Natacha Guillaumont
Natacha Guillaumont graduated as a landscape architect from the Ecole Nationale Supérieure du Paysage de Versailles, under the direction of Gilles Clément in 1996 after a first cycle at the Ecole du Louvre in Paris. She is in charge of the Landscape Architecture training in the French-speaking part of Switzerland at the HES-SO HEPIA Geneva and of the research group Paysage Projet Vivant.
For fifteen years she managed her landscape office in Marseille "La compagnie du vent", specializing in the social dimension of the role of the garden and public space, around the notion of natural heritage and classified site and for the creation of gardens and estates. In parallel, she has taught landscape projects in Art and Landscape schools and now plant design at HEPIA and plant urban planning in the Master of Territorial Development at the University of Geneva.
Her applied research since 2012 has focused on the plant and our relationship to living things in landscape projects.

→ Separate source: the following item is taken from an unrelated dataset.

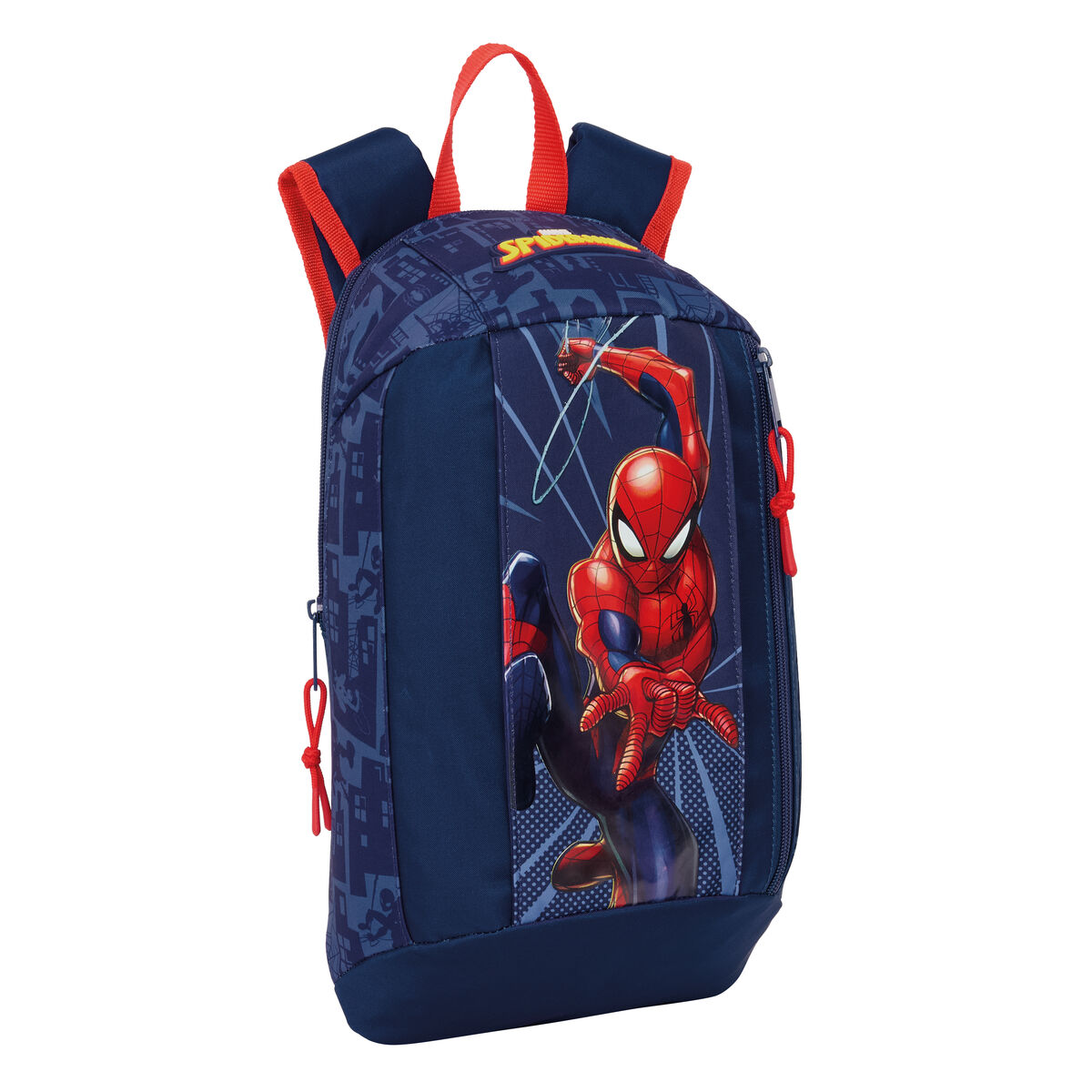 Mochila Spider-Man Azul 22 x 39 x 10 cm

For several years, Guillaumont's reflections have focused on the design and evolution of plant forms and structures on an urban scale, and in this sense works on territorial plant strategies and adaptations to global warming.
On the other hand, Guillaumont continues to work on the part of the sensitive in qualitative landscape studies and develops methodological approaches, operational guides or awareness and analysis of sensitive perceptions of space accompanying collective approaches and participation, citizen issues, and landscape didactics.